Transcribe the data below verbatim from the line with "Living - 830" to the line with "En compagnie de". Include both of those lines.

* Listed entries *
^^^^
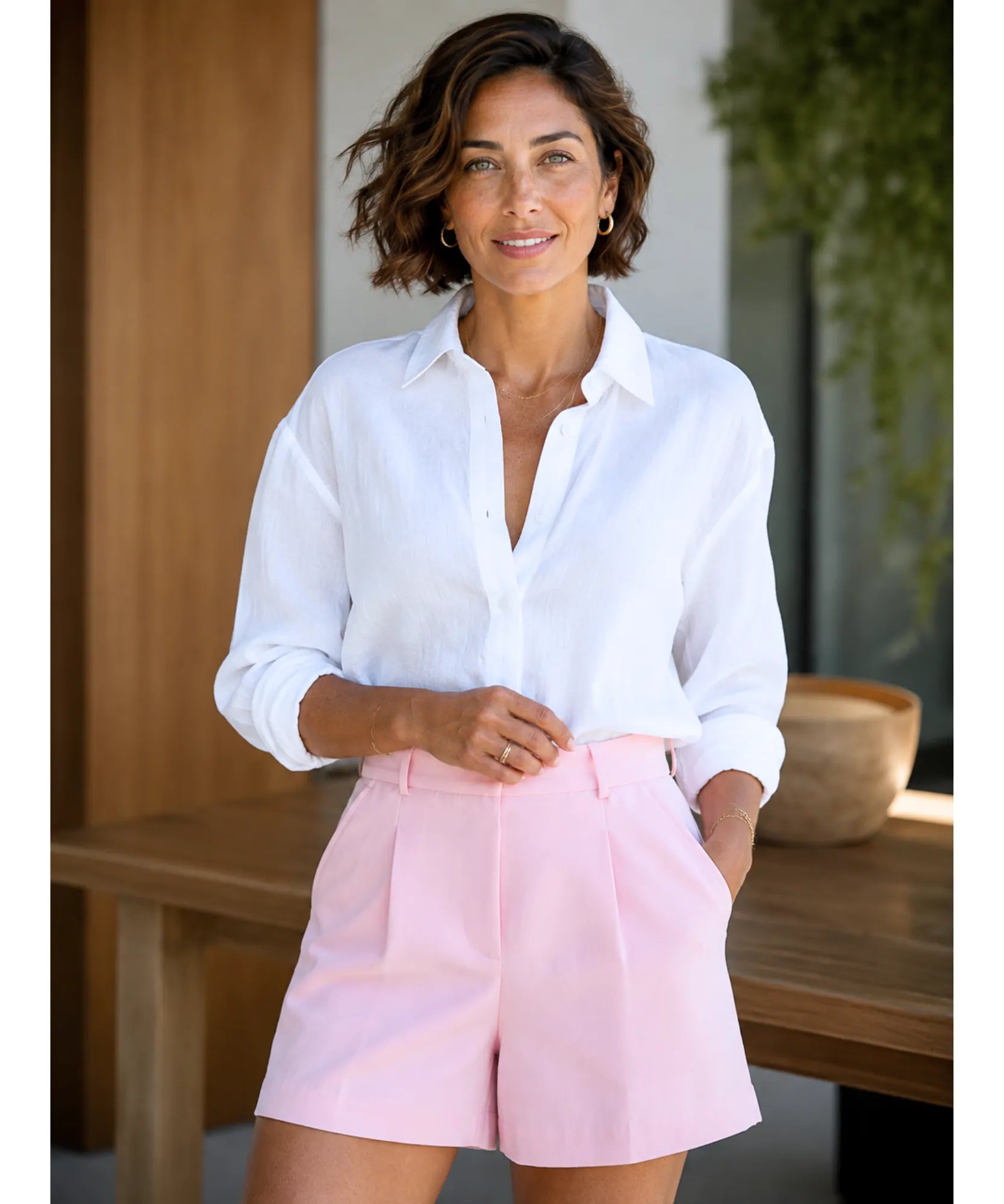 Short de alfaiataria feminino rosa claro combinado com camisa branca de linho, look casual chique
^^^^
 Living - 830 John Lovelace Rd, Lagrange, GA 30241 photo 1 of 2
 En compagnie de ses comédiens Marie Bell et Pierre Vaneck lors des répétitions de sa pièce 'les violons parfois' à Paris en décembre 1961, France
^^^^
* Answer area *
 Living - 830 John Lovelace Rd, Lagrange, GA 30241 photo 1 of 2
 En compagnie de ses comédiens Marie Bell et Pierre Vaneck lors des répétitions de sa pièce 'les violons parfois' à Paris en décembre 1961, France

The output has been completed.